*EXERCISE PROMPT*: Write the entries out again in full and unchanged, dropping every image.

(Saved data entries)
◇ ◇ ◇

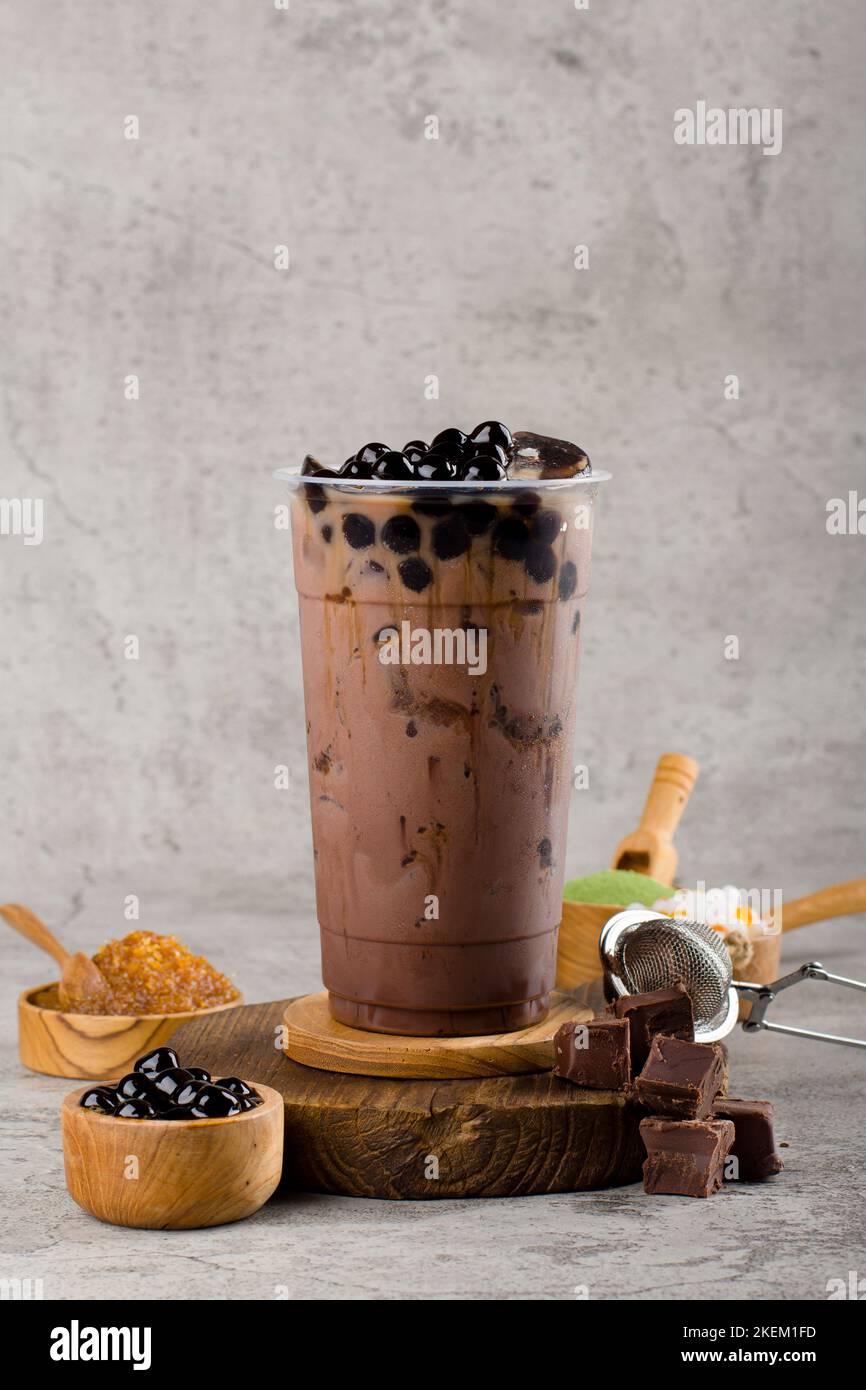 https://c8.alamy.com/comp/2KEM1FD/boba-or-tapioca-pearls-is-taiwan-bubble-milk-tea-in-plastic-cup-with-chocolate-flavor-on-texture-background-summers-refreshment-2KEM1FD.jpg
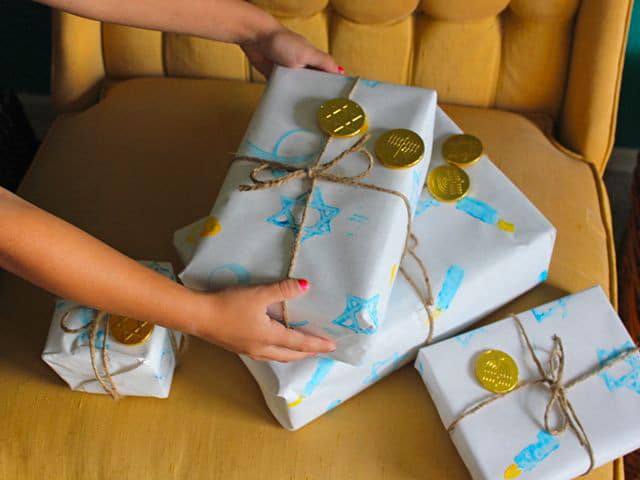 Young hands holding gifts wrapped with homemade holiday gift wrap.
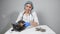 Woman veterinarian combing a gray cat with a brush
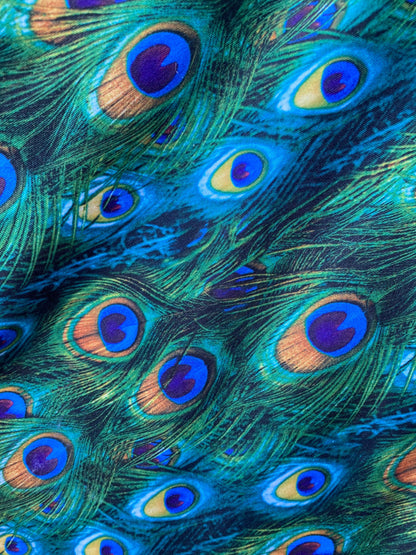 Peacock design print of great quality of nylon spandex 4-way stretch 58/60” Sold by the YD. Ships worldwide from Los Angeles California USA.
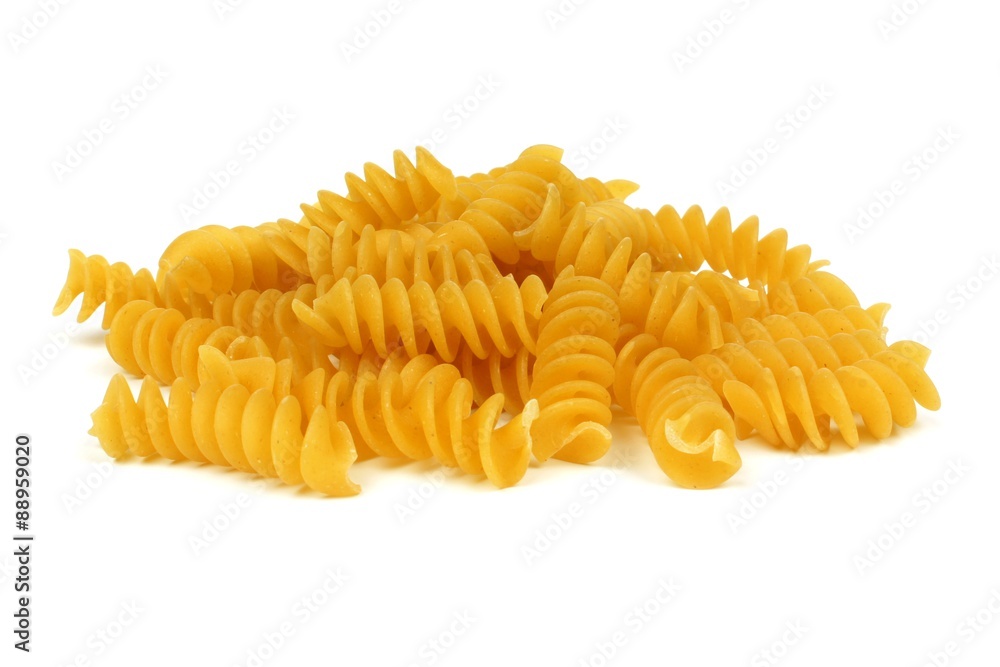 Pile of uncooked dry rotini pasta isolated on a white background Pile of uncooked dry rotini pasta isolated on a white background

◇ ◇ ◇

*REPLY*:
 https://c8.alamy.com/comp/2KEM1FD/boba-or-tapioca-pearls-is-taiwan-bubble-milk-tea-in-plastic-cup-with-chocolate-flavor-on-texture-background-summers-refreshment-2KEM1FD.jpg
 Young hands holding gifts wrapped with homemade holiday gift wrap.
 Woman veterinarian combing a gray cat with a brush
 Peacock design print of great quality of nylon spandex 4-way stretch 58/60” Sold by the YD. Ships worldwide from Los Angeles California USA.
 Pile of uncooked dry rotini pasta isolated on a white background Pile of uncooked dry rotini pasta isolated on a white background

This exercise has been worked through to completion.